O caso evidencia a importância da transparência na gestão de desempenho e no controlo informático. Em funções de televendas, é essencial que metas, métricas de produtividade e formas de monitorização sejam previamente comunicadas, preferencialmente por políticas internas claras e acessíveis a todos.

Para reduzir conflitos e riscos de litígios trabalhistas, empresas costumam formalizar regras e práticas de acompanhamento de resultados e uso de recursos. Entre as medidas preventivas mais comuns estão a definição explícita de objetivos, o registro sistemático de desempenho e a emissão de advertências com feedback estruturado antes de medidas mais severas.

Este caso mostra limites claros para o desempenho no trabalho e o risco de demissão

No desfecho julgado em 2024 e confirmado em instância superior, a Justiça do País Basco concluiu que a ausência de vendas em 1.500 chamadas, somada a atrasos e uso pessoal dos equipamentos, ultrapassou os limites de uma simples fase de baixa performance.
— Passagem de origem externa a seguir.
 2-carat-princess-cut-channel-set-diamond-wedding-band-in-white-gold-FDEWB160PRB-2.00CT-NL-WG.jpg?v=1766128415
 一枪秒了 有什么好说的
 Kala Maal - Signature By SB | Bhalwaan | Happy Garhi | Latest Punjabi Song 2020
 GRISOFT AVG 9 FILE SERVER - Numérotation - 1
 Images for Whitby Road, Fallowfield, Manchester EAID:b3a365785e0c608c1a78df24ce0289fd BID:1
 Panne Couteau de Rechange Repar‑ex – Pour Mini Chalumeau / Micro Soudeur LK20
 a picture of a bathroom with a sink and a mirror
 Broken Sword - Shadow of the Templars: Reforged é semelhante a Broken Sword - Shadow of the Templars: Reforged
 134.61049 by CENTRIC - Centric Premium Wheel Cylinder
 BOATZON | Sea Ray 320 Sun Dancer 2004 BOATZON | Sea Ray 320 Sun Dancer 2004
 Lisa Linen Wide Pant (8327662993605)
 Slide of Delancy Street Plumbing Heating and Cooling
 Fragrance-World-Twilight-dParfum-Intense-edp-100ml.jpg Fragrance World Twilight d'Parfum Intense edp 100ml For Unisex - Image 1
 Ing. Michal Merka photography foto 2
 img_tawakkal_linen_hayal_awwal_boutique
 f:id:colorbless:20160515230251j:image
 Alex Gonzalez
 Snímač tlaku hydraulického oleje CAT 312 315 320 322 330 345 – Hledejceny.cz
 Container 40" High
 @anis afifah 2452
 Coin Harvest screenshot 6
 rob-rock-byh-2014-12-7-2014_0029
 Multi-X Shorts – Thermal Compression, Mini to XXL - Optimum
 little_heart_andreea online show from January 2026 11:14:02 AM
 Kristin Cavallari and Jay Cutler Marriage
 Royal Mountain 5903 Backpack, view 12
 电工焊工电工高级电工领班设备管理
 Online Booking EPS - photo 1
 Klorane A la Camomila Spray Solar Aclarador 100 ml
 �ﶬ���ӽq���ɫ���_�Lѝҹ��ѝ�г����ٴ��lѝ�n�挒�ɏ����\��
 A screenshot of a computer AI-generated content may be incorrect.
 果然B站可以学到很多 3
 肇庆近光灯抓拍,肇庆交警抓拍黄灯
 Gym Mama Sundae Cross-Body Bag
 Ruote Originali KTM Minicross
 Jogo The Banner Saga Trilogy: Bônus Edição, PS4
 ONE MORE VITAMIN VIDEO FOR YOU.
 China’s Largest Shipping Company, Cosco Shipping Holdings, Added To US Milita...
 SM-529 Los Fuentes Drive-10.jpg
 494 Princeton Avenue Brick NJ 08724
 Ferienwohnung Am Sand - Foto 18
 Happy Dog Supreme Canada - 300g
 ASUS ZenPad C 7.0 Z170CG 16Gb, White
Ficou validado o despedimento disciplinar, entendendo-se que a empresa não foi tolerante por período excessivo diante das condutas registradas.

Se você atua em telemarketing ou em qualquer função altamente monitorada, este caso é um alerta: conheça as metas, peça feedback constante e informe-se sobre as políticas de uso de recursos e controlo informático agora. Reavalie imediatamente sua performance e comportamento no trabalho, pois uma atuação preventiva hoje pode evitar um despedimento disciplinar amanhã.